Thursday, June 20, 2013

By Joe Haakenson, Contributor - 

JUNE 20, 2002

ST. LOUIS -- Troy Percival knows Jim Edmonds well. So well, the Angels closer wasn't about to challenge his friend and former teammate with the game on the line.

With a one-run lead and the potential tying run on third base with two outs in the bottom of the ninth, Percival walked Edmonds on four pitches. Percival got the next hitter, Tino Martinez, to pop out and allow the Angels to hold on for a 3-2 victory over the St. Louis Cardinals in front of 36,385 at Busch Stadium.

Many Angels called it a big win on an emotional day at Busch, where Hall of Fame broadcaster Jack Buck was honored with a memorial service before the game. The Angels avoided a sweep and broke their four-game losing streak.

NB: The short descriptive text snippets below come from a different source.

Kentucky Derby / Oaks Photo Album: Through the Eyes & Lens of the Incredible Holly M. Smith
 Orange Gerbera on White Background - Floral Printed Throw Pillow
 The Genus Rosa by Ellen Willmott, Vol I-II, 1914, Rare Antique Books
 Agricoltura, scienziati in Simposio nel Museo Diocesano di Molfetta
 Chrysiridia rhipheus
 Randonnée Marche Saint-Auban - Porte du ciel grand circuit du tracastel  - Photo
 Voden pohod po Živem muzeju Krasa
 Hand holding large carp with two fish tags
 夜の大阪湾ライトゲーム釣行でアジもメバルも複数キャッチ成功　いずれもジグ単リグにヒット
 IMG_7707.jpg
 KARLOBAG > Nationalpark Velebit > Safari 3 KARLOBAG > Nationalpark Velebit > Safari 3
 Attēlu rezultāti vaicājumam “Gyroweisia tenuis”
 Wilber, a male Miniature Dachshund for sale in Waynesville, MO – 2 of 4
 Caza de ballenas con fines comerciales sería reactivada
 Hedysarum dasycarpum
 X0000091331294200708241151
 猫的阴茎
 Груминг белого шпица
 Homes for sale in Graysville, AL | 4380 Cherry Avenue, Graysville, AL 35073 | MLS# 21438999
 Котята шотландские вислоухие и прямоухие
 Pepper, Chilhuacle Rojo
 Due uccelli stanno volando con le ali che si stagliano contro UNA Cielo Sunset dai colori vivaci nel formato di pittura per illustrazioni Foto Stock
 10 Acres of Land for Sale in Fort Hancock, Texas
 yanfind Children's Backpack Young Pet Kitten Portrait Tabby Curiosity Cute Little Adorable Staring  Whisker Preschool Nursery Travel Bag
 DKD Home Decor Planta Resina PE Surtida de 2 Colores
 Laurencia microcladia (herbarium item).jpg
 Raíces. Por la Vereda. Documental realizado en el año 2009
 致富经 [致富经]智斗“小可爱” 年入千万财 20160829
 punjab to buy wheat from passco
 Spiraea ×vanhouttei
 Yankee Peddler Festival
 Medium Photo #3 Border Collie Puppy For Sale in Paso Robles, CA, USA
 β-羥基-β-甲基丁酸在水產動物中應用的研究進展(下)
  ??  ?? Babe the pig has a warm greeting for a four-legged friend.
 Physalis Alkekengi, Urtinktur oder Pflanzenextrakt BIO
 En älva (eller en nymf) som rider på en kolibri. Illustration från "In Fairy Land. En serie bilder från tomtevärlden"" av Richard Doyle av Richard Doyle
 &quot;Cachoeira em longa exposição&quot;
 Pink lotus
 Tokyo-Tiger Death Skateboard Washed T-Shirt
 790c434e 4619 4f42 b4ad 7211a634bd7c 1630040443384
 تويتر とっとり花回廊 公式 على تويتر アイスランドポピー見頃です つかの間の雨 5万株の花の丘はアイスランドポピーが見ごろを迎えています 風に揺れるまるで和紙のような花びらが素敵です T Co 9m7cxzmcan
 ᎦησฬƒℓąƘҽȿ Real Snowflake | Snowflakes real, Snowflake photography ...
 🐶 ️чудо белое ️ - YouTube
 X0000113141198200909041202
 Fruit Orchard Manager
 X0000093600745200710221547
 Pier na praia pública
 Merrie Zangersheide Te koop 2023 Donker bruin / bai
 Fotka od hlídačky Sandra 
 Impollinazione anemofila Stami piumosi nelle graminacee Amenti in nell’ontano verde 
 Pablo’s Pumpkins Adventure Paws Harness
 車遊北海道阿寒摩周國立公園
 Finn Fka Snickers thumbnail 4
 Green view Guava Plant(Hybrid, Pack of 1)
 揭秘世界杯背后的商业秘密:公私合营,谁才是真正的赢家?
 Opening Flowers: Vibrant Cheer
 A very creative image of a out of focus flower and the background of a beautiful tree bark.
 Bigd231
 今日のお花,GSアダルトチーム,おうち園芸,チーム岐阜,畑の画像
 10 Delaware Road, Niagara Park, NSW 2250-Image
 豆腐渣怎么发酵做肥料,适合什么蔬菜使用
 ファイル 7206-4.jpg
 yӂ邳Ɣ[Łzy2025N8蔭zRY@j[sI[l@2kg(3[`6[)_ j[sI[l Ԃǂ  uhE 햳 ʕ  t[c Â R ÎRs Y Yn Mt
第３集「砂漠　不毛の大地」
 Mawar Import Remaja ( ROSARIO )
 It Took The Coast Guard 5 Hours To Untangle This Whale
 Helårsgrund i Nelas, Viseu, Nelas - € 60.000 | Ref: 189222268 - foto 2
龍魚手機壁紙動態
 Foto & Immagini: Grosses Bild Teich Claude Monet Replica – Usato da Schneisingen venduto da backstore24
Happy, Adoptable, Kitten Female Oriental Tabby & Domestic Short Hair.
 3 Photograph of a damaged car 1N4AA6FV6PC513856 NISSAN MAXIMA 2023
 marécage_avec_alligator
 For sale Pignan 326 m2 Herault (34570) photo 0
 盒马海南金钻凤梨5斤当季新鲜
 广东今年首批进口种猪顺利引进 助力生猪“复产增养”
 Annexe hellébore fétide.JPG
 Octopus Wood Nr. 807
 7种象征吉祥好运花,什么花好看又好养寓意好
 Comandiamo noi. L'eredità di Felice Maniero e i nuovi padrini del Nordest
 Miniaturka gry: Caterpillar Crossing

Angels starter Scott Schoeneweis (6-5) endured the 94-degree heat to go 5 2/3 innings, getting just enough support from an offense led by leadoff hitter David Eckstein, who had three hits and scored two runs. But the game came down to the ninth with Percival, who had not pitched since June 12, left to finish it off.

Percival threw 23 fastballs in the inning and one curveball. That curve was hit sharply by Kerry Robinson leading off the inning, but second baseman Adam Kennedy made a nice play for the first out.

Edgar Renteria followed with a fly ball to deep left field, the ball going over left fielder Garret Anderson's head and off the wall, and Renteria wound up with a triple.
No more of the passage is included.